Ewa Marcinkówna o sobie: Teatr krążył wokół mnie od wczesnych lat, bo już w szkole podstawowej próbowałam -jeszcze w sposób kaleki - zająć się tą formą, W liceum zajmowałam się teatrem już bardziej świadomie, stworzyłam grupę teatralną w IV liceum w tarnowskich Mościcach. Robiliśmy swoje scenariusze, kolaże poetyckie, adaptacje. Przez cały ten czas marzyłam, by w przyszłości związać się zawodowo ze sceną, jeszcze nie wiedziałam do końca, czym konkretnie miałabym się zająć. Z jednej strony kusiło mnie pisanie dla teatru, z drugiej teoria, krytyka, wreszcie wizja uprawiania zawodu reżysera. Ale wówczas szkoła teatralna przyjmowała na wydział reżyserii tylko absolwentów wyższych uczelni, w związku z tym należało skończyć jakiś kierunek.
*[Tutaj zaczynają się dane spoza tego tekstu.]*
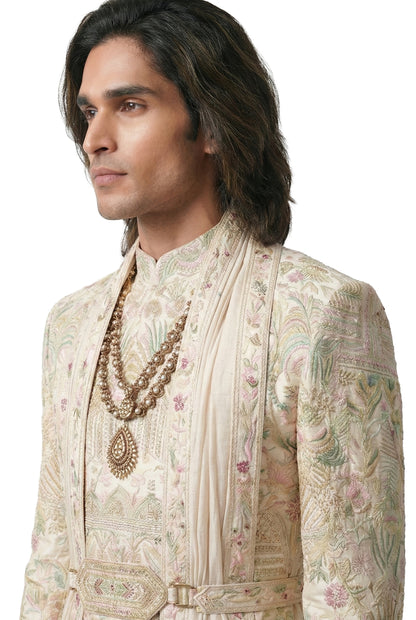 Ivory Hand-Embroidered Sherwani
Fascynowała mnie filozofia, a Wydział Filozoficzny Uniwersytetu Jagiellońskiego bazował jeszcze na tak wybitnych nazwiskach, jak profesor Ingarden. Na nieszczęście, kiedy złożyłam papiery na filozofię, uniwersytet odesłał je z wiadomością, że w tym roku nie ma naboru. Kierunek był niemile widziany, zwłaszcza w tej obsadzie profesorskiej, i naboru nie było także w następnych trzech latach. Musiałam szybko podjąć decyzję, gdzie przenieść dokumenty i najbliższa mi okazała się polonistyka. Po trzecim roku wybrałam nową specjalizację - seminarium teatrologiczne - i dwa ostatnie lata zajmowałam się teatrem

W 1984 roku Marcinkówna została wicedyrektorką Tarnowskiego Teatru, stanęła na czele nowej Sceny Lalki i Aktora. - Plan był taki, by robić spektakle dla dzieci: lalkowe, lalkowo-żywoplanowe, czy w ogóle żywoplanowe, klasykę i spektakle współczesne. Chodziło o to, by skonstruować świadomy repertuar, konkretnie adresowany. W tym czasie uważałam, ze teatry dramatyczne mają twórczość dla dzieci trochę w nawiasie, a mnie się to bardzo nie podobało, nie wierzyłam, że jest taki teatr dramatyczny, który zajmuje się teatrem dla dzieci w sposób uczciwy i świadomie kształtujący dziecięcą wyobraźnię. Kiedy Ryszard Smożewski zaproponował mi współpracę, już po pierwszej rozmowie zrozumiałam, że to jest poważna sprawa – opowiadała po latach reżyserka.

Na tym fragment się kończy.